Das Neue Schloss wurde von der verwitweten Gräfin Ludovika Rosalie von Oettingen-Spielberg, geborene Prinzessin von Attems, für ihren Sohn Johann Wilhelm errichtet. Die Deckengemälde stammen von dem berühmten, damals schon über 70-jährigen Johann Heinrich Schönfeld aus Augsburg und dessen Schüler Johann Georg Knappich. Die Quellen zu dem 1681 über 340 Gulden abgeschlossenen Akkord hat Bidlingmaier übersichtlich zusammengestellt. Bemerkenswert bei der inneren Austeilung des Neuen Schlosses ist ein Paradeschlafzimmer an der dem Schloss-Vorplatz zugewandten Südseite. Es zeigt im Alkoven die Personifikationen des Traums (mit Pfeil) und der Nacht mit ihren beiden Kindern Schlaf und Tod (nicht Venus und Amor, 89), im Raum davor, ausgesprochen martialisch, den Sieg der Tugend über das Laster. Die Front des Alkovens in ihrer heutigen Form wurde allerdings erst 1717 stuckiert, sodass in Anbetracht der vom Flur bis zum Fenster reichenden Decke des Alkovens und der einstigen Tür zum Flur die Vermutung naheliegt, dass es sich ursprünglich um zwei getrennte Räume, nämlich Audienzzimmer und Schlafzimmer handelte. Damit wäre das Prunkappartement des Neuen Schlosses identifiziert, zu dem ein Vorzimmer (heute Grünes Zimmer) gehörte, das man vom großen Saal aus betrat. Auf das Vorzimmer mit einer zusätzlichen Tür zum Flur und an der Decke der Darstellung von Apoll musagetis von Schönfeld folgen dann als Hauptraum das Audienzzimmer und das deutlich kleinere, nicht als Paraderaum zu denkende Schlafzimmer.

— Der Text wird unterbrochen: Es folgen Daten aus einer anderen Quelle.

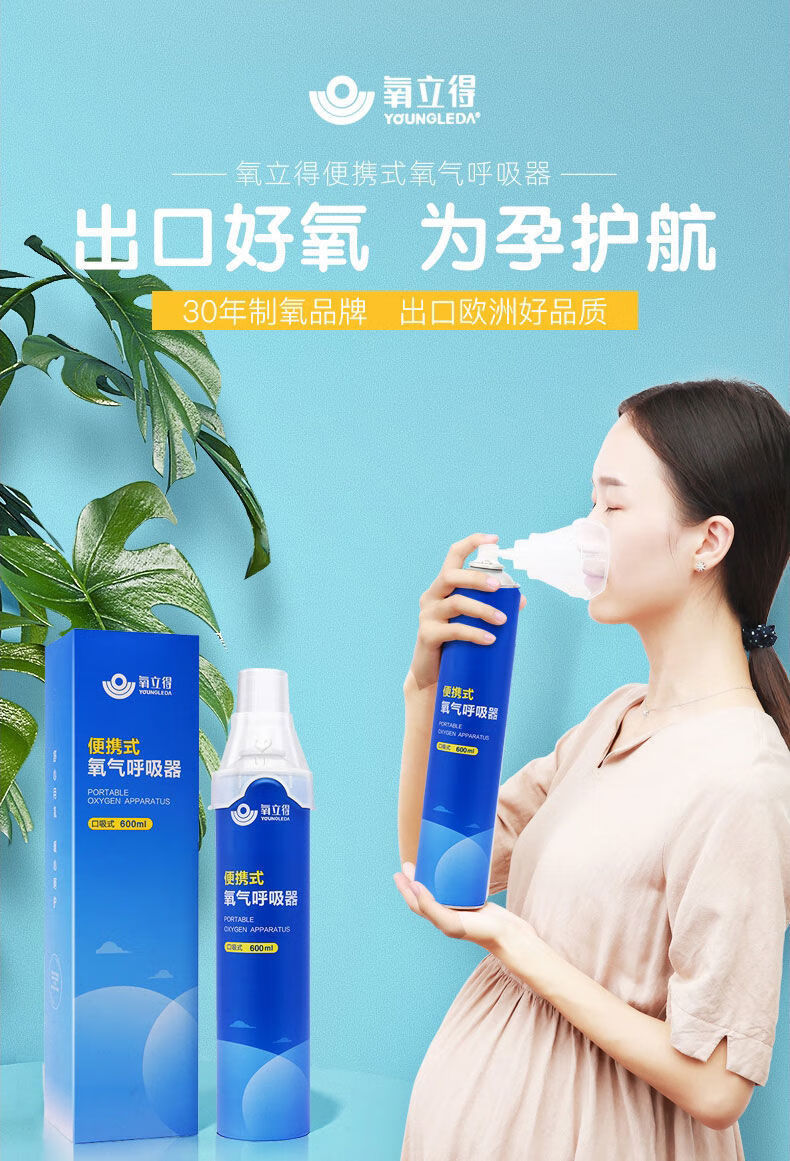 氧立得医疗器械氧气瓶便携式家用老人孕妇吸氧罐高原进藏自驾游应急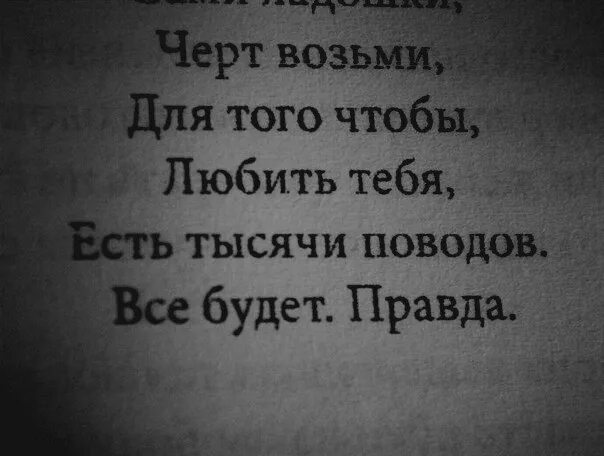 Слишком чтобы быть правдой. Ты слишком добр тяжело тебе. Добрый ты тяжело тебе будет. Ты слишком добрая. Черт возьми я.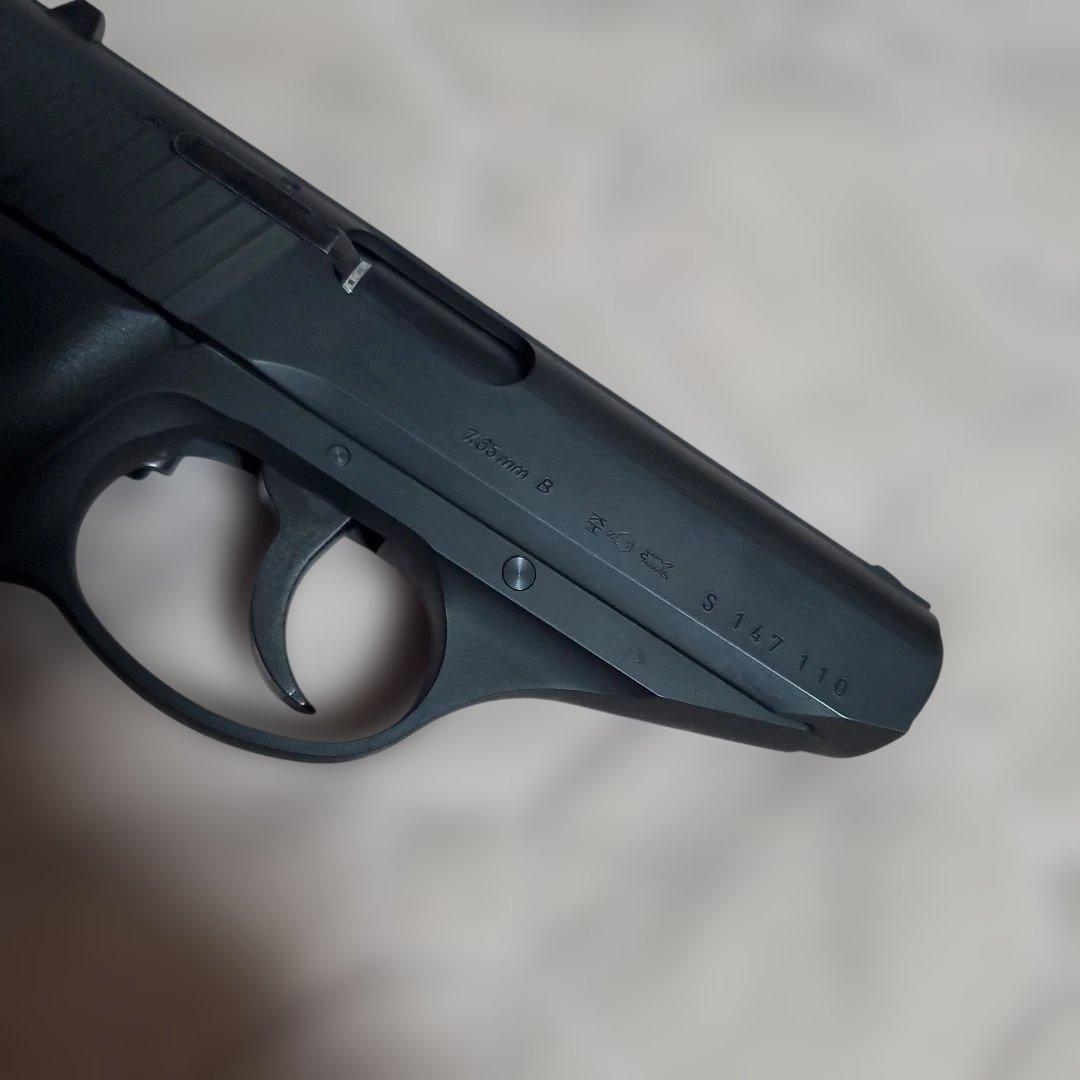 SIG SAUER P230 JP HW ヘビーウエイト ガスブローバック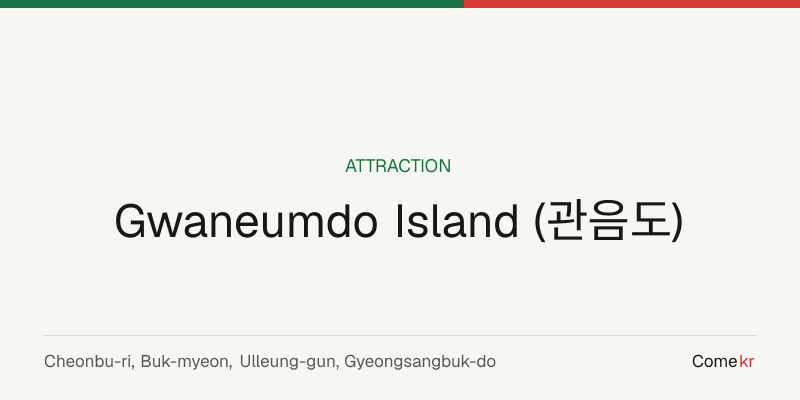 Gwaneumdo Island (관음도) travel guide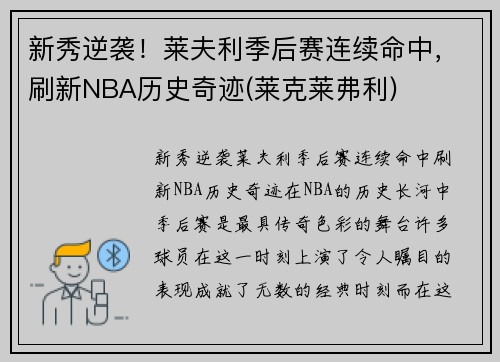 新秀逆袭！莱夫利季后赛连续命中，刷新NBA历史奇迹(莱克莱弗利)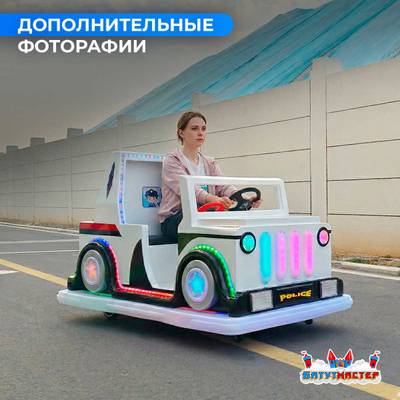 Детский электромобиль для базы отдыха «Городской патруль» двухместный, всепогодный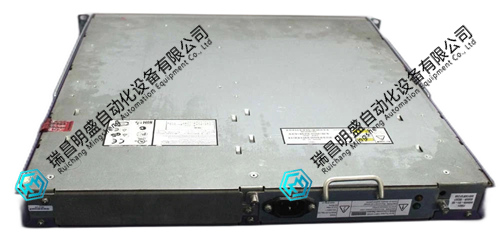 Extrem AN01463 端口交换机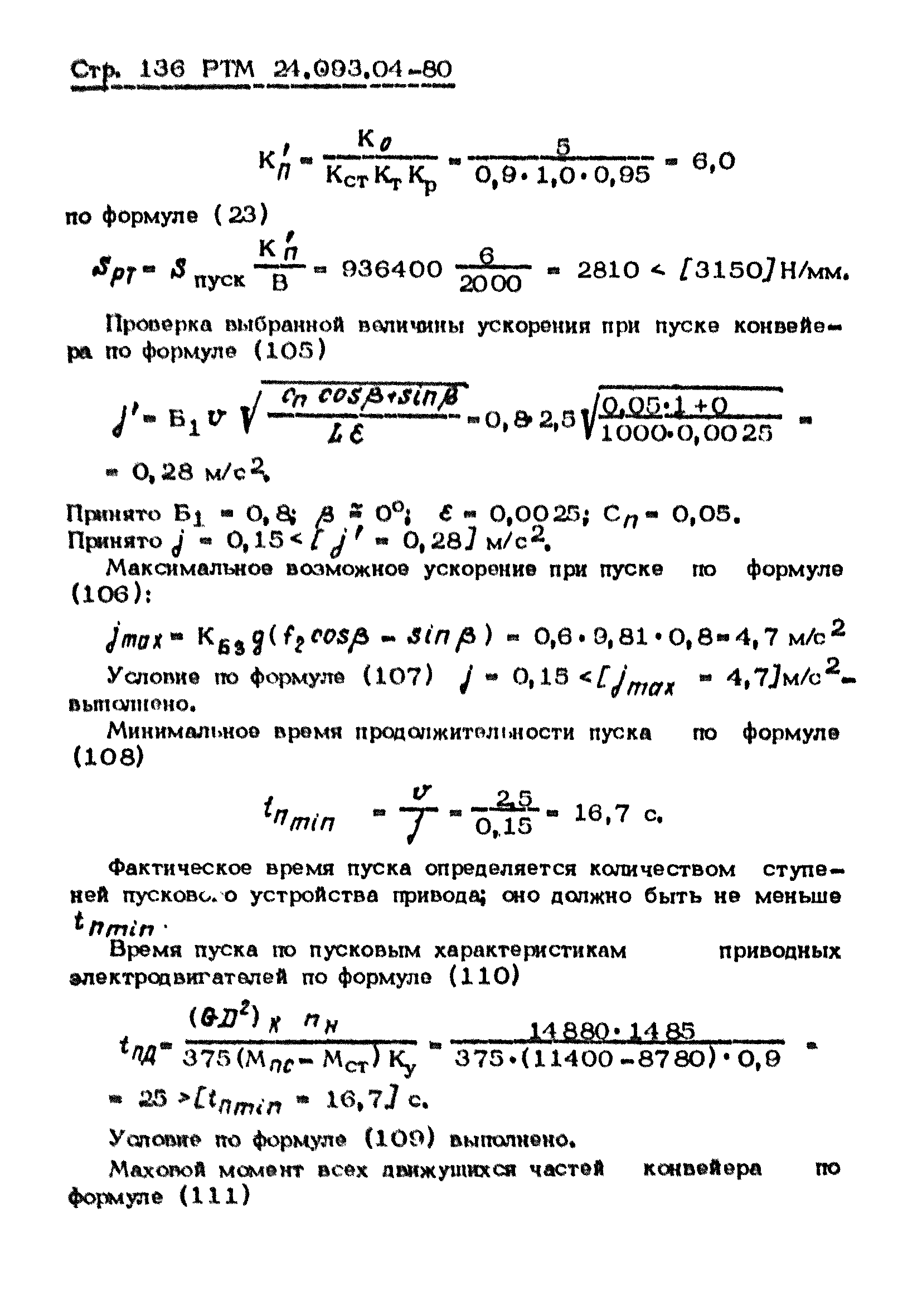 РТМ 24.093.04-80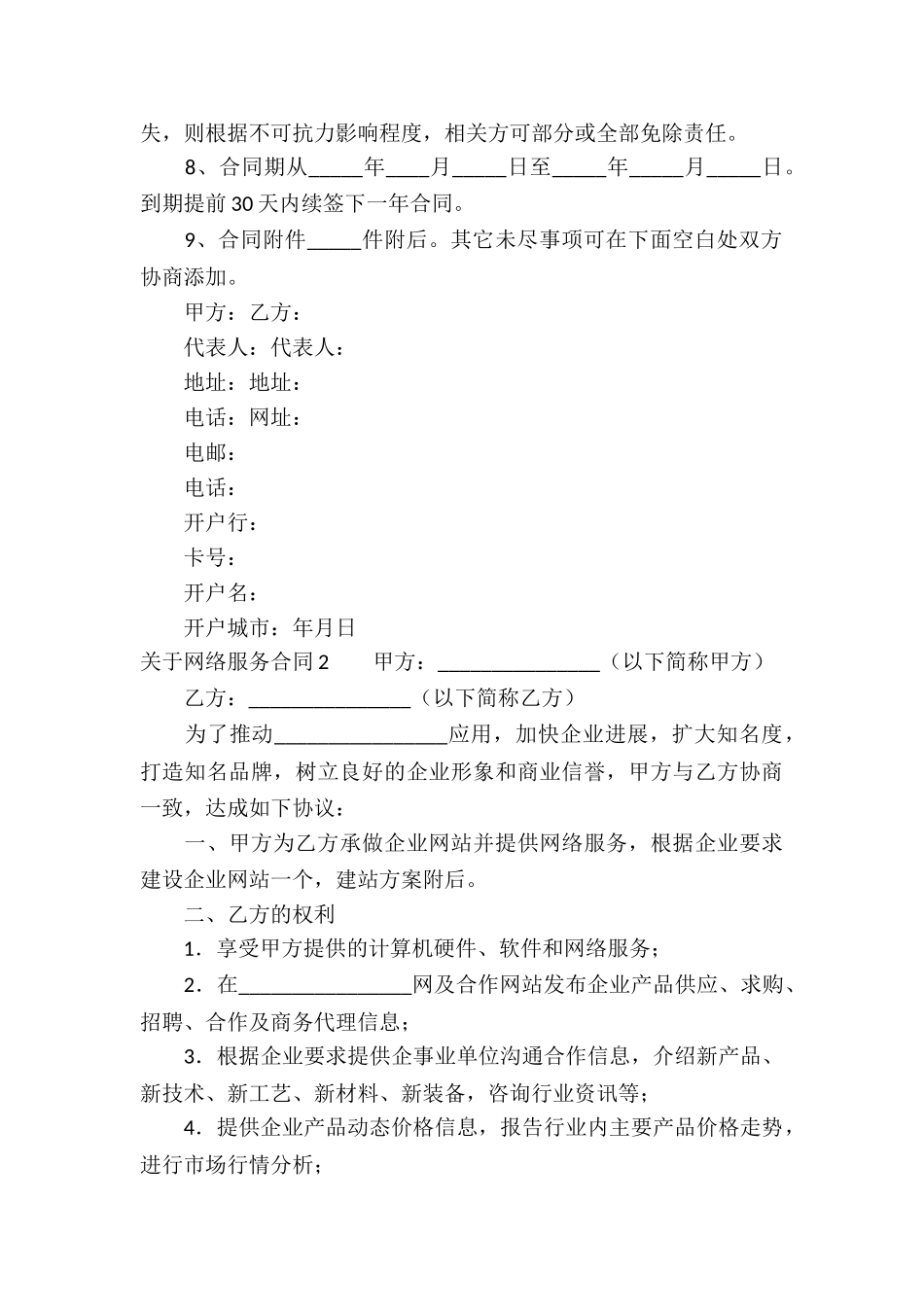 关于网络服务合同_第2页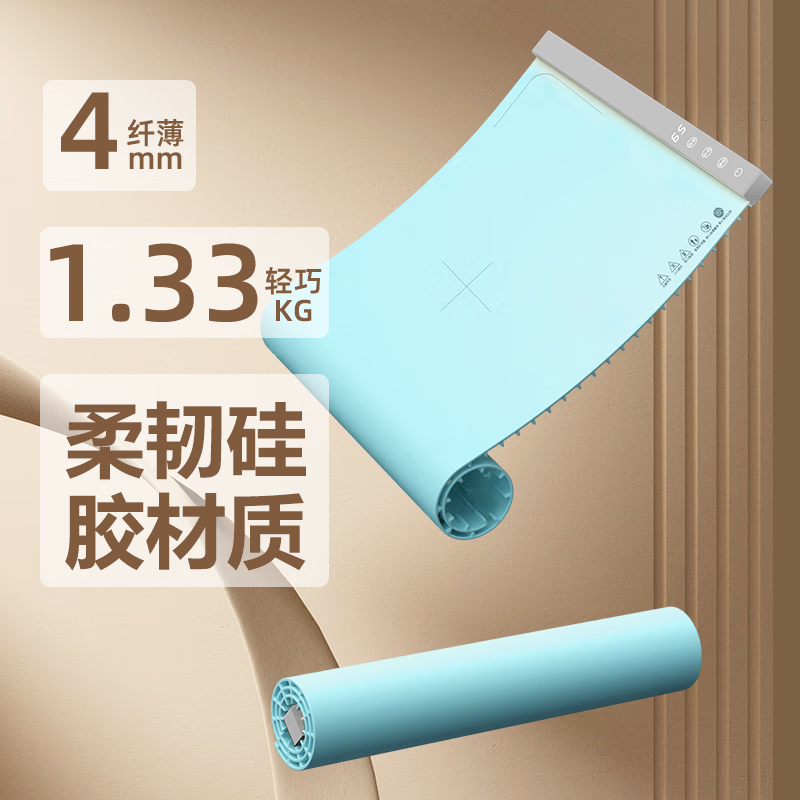 先锋柔性硅胶纤薄 暖菜板 可水洗易清洁高清大图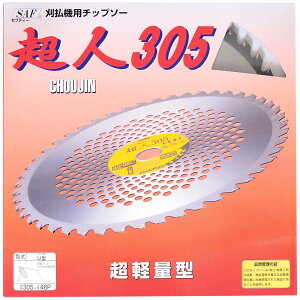 ѓSH @p`bv\[ l305 305X46P 664519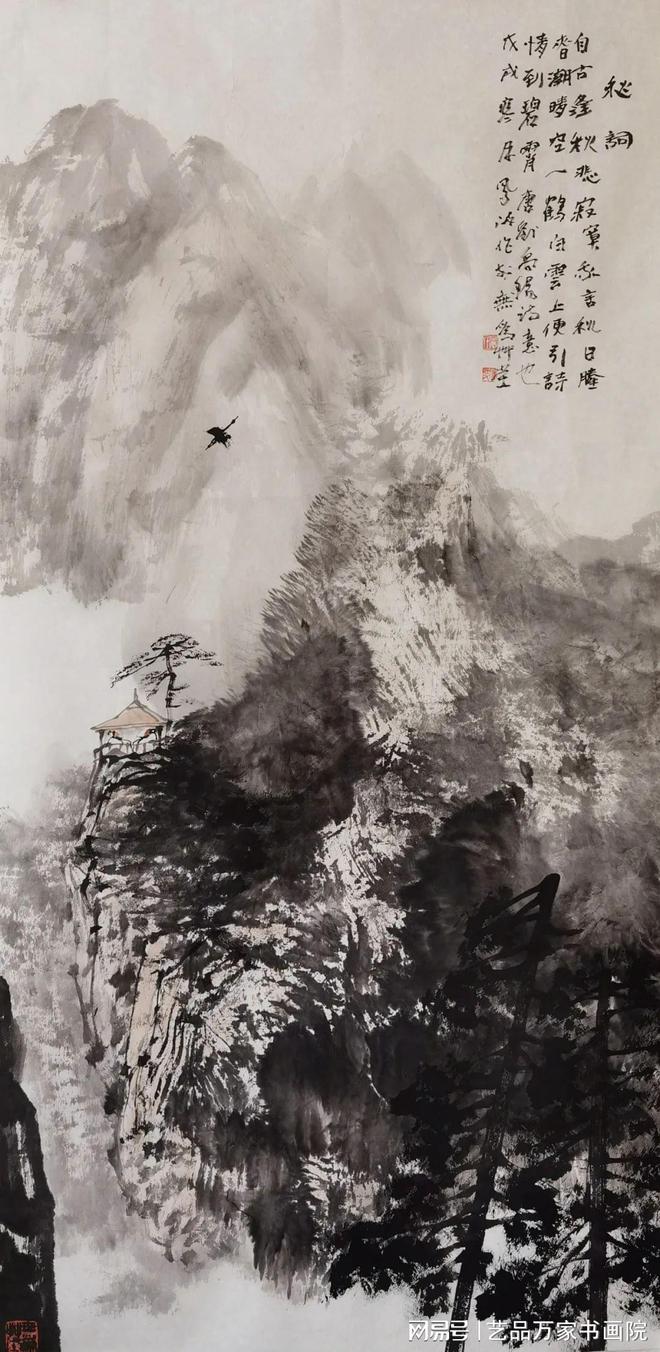 贵州省文史馆_贵州省文史馆_贵州省文史馆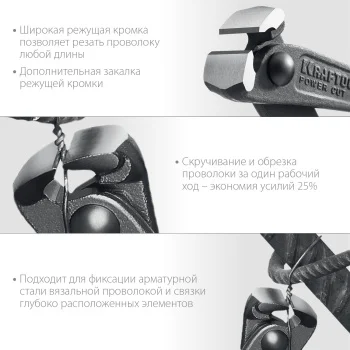 https://mks.master.pro/dbpics/2702984.jpg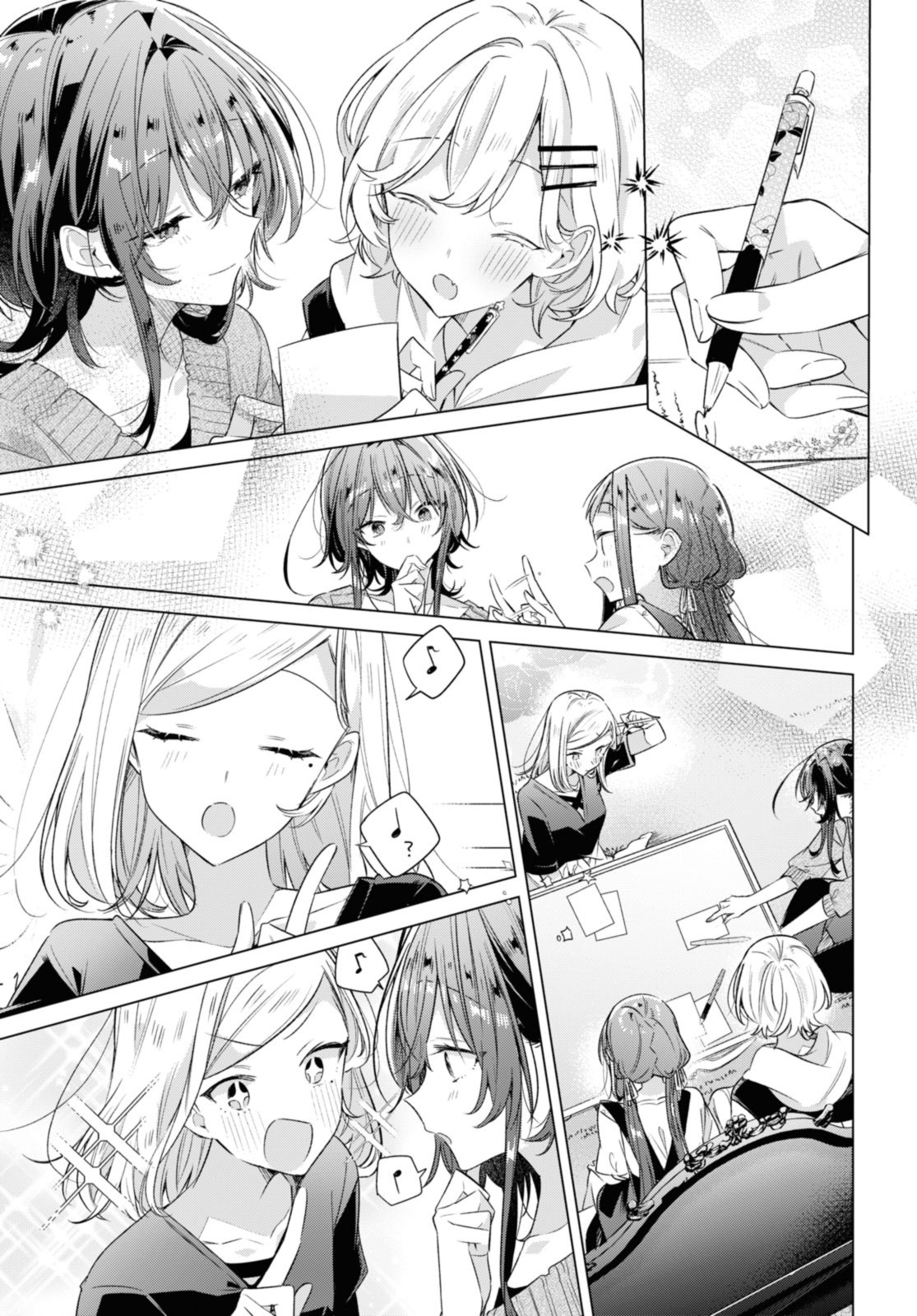 Sasayaku You ni Koi o Utau Chapter 33.2 8ページ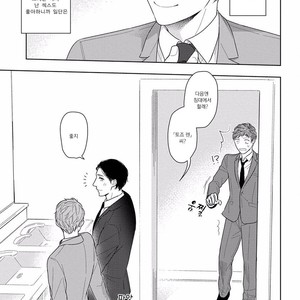 [Mizuhara Zakuro] Namae mo Shiranai Machiawase [kr] – Gay Manga sex 35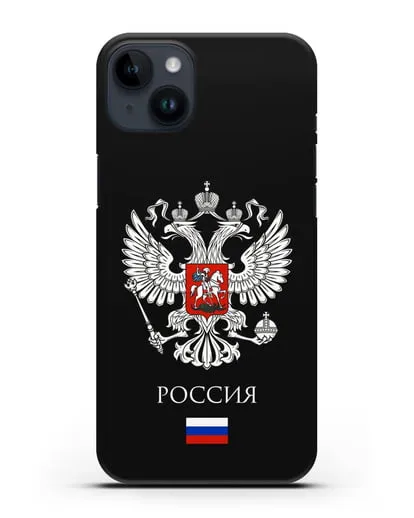 Чехол с двуглавым орлом, с флагом и надписью Россия силиконовый для iPhone 14 Plus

Abgesehen von der umfangreichen, übersichtlich dargelegten Quellenarbeit profitiert der Leser von grundlegenden Erkenntnissen des Historikers. So zum Beispiel der Hinweis, dass den Gradmesser für das Ansehen einer Grafenfamilie im Alten Reich die Heiratsverbindungen in fürstliche Häuser bildeten (13). Ein Stammbaum des Hauses Oettingen mit partiell nachgetragenen Heiratsverbindungen schließt das Buch ab.